Almost a former blogger

Still rambling about running. Sometimes other things.

Getting right back up

After Sunday's wall-hitting run, I've taken the past few days to privately think about that moment and where I've been since last fall. It's been a big wake-up call to focus on the work that remains and that I can't get into a comfort zone of training that's so easy to slip into. It's really hard to explain, but I've had a variety of thoughts this week that at first seem a bit jumbled, but they all fit together somehow.

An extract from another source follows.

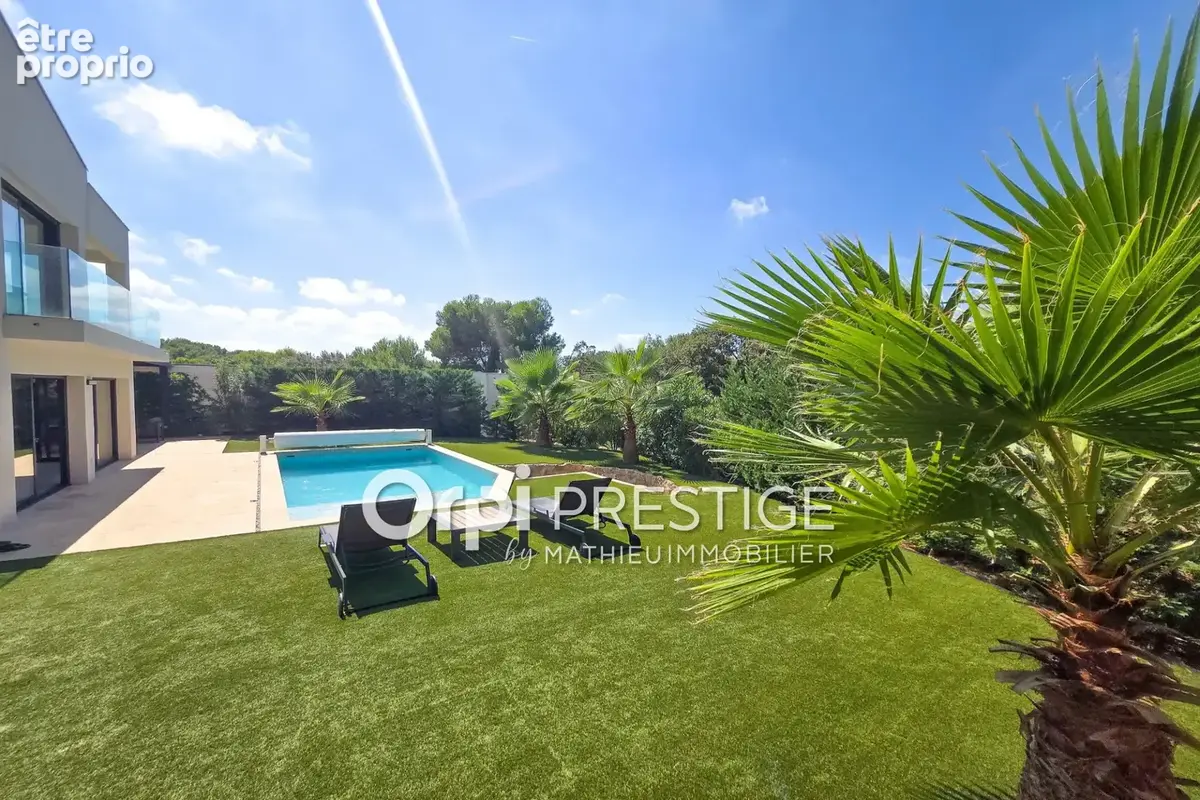 Maison 6 pièces 180 m² à vendre à Biot (06410) - photo 2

  • running, Matt FitzgeraldI've dusted of Matt Fitzgerald's "RUN: The Mind-Body Method of Running by Feel" that I got for Christmas to find things that made sense then, but I never really grasped. I read much of that book at the lowest points of my running seven months ago. Once again, I feel like this book was made for me as it reaffirms so many of my approaches to running in the past couple of years. I need it now to get refocused. I hope by the end of summer to write an appropriate review.
  • I read a good post this week over on Loving the Run about bucket lists, a term I've never really liked until now. I don’t have a bucket list; I’m afraid to make one. Right now it seems my thoughts are getting through the Baltimore Marathon uninjured, but is that the right frame of mind? I don’t really know, but if I’m questioning it, perhaps I should make my own bucket list.
  • I’m getting very close to establishing a specific goal for the Lynchburg Half Marathon that is Aug. 13. The "non-race race" approach has worked in the past, but honestly this is a perfect time to test where I am both physically and mentally at a longer distance on a tough course. I'm not saying it will be a 100 percent all-out race, but I have a feeling it may be close. Blame the book or the wall-hitting or buckets on these thoughts, but I think the same approach as last year puts me back in this same-old same-old routine.
  • Lastly, it's worth mentioning that after Sunday's run, I bounced back in the mid-day heat the next day for a lunch run of 4.1 miles. I treated it mentally as a recovery run with a co-worker; I felt like I complained the whole time, but we turned in a nice run at right about a 9-minute mile pace. I needed that run as much as I think I needed this wake-up call.

Now that I've put all this out there, it's time to move on and make this the best week of training.